Les souvenirs ont ceci de particulier qu' ils nous appartiennent en propre et même si nous pouvons en partager certains ils ne sont jamais que des mémoires qui se croisent et se recroisent, se confortent et se réconfortent, ou parfois se trahissent.
J'ai le souvenir de la première fois où j'ai vu Nos meilleures années de Marco Tullio Giordana (2003). C'était à l'automne 2003, un samedi après-midi au Saint André des Arts dans la rue du même nom au coeur du quartier latin à Paris. Nous étions une petite trentaine à faire la queue devant l'entrée, presque tous du même âge et de la même génération. Le film était diffusé en deux volets, l'un le samedi, l'autre le dimanche. Le lendemain, à la séance de la seconde partie du film, nous étions tous là, les mêmes, à nous serrer les uns contre les autres car il pleuvait et il faisait froid.
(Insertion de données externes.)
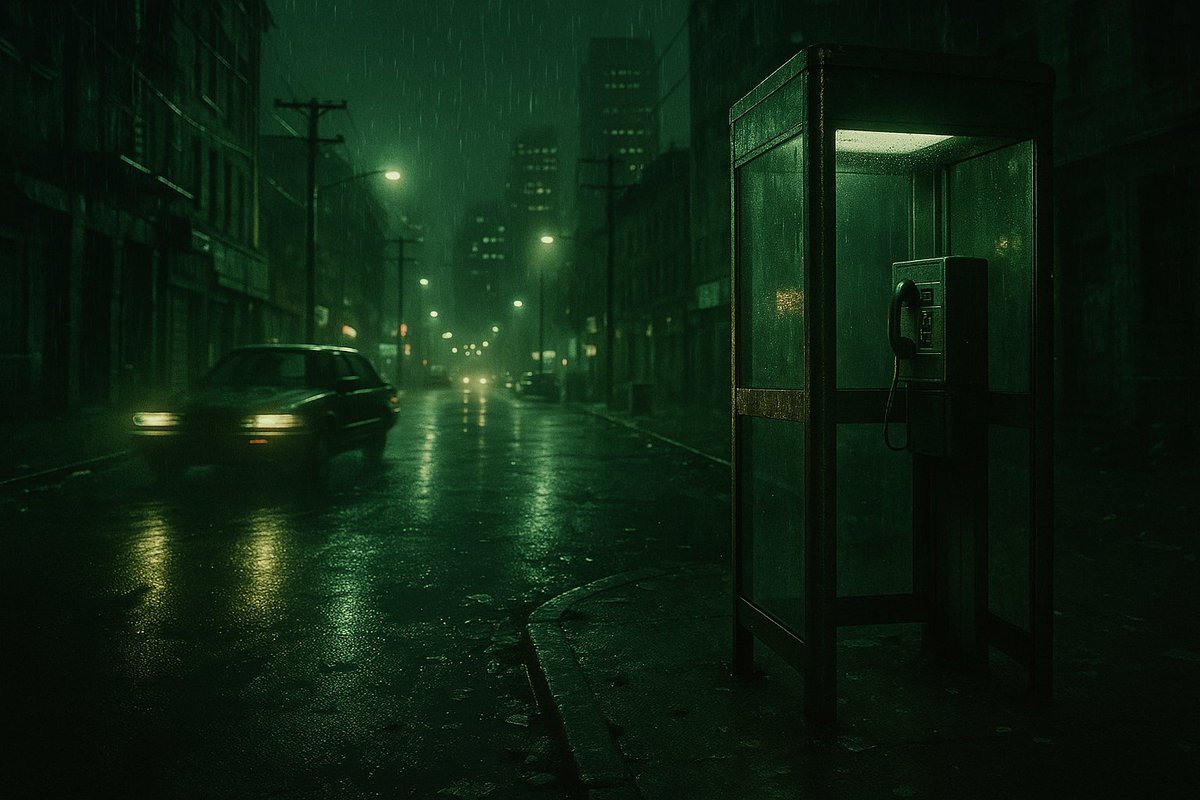 Yagaadesol's tweet image. The only way out of the system in The Matrix? Phone booths.
1999: the movie drops.
Then, city by city, they start removing them.
Coincidence?
#Awakening #SimulationTheory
Les regards se croisaient, nous esquissions d'amicaux sourires sans nous connaître, ni nous reconnaître. Nous n'étions pas une foule anonyme qui se pressait dans une file d'attente ; nous étions devant ce cinéma-là, à cette séance-là pour voir ce film-là et nous devinions sans mal que nous étions les mêmes qui étaient revenus pour partager la suite de la vie de Nicola, de Matteo, Guilia et tous les autres.
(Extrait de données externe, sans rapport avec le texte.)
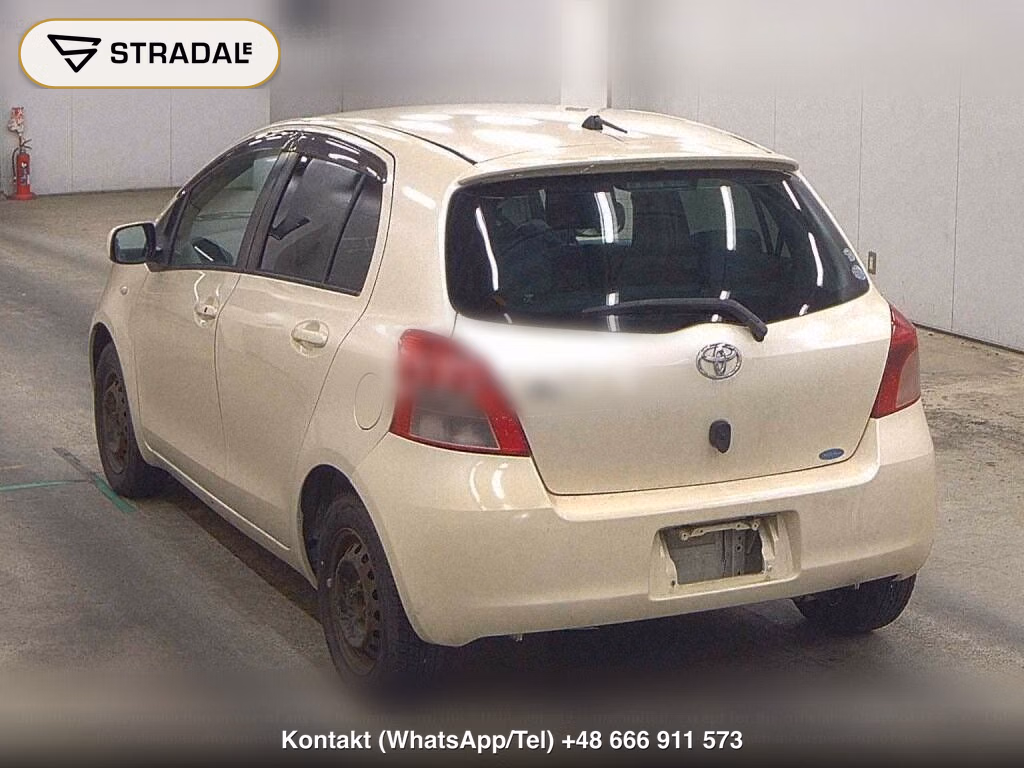 TOYOTA VITZ 5D F, miniaturka 3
Le cinéma en salle c'est cela également, c'est surtout cela d'ailleurs : une foule anonyme qui se rassemble comme si elle répondait à un appel, des hommes et des femmes qui ne se connaissent pas et qui communient un instant autour d'une histoire racontée. Ce sentiment est inversement proportionnel à la taille du cinéma et totalement absent dans un canapé sauf à avoir beaucoup d'imagination.
Avec un effet de surlignage plus intense qu'en littérature, le cinéma offre ses scènes et ses répliques qui justifient à elles seules tout un film auquel elles survivront dans nos mémoires. Dans Nos meilleures années de Marco Tullio Giordana, il est un moment qui en est une illustration inoubliable.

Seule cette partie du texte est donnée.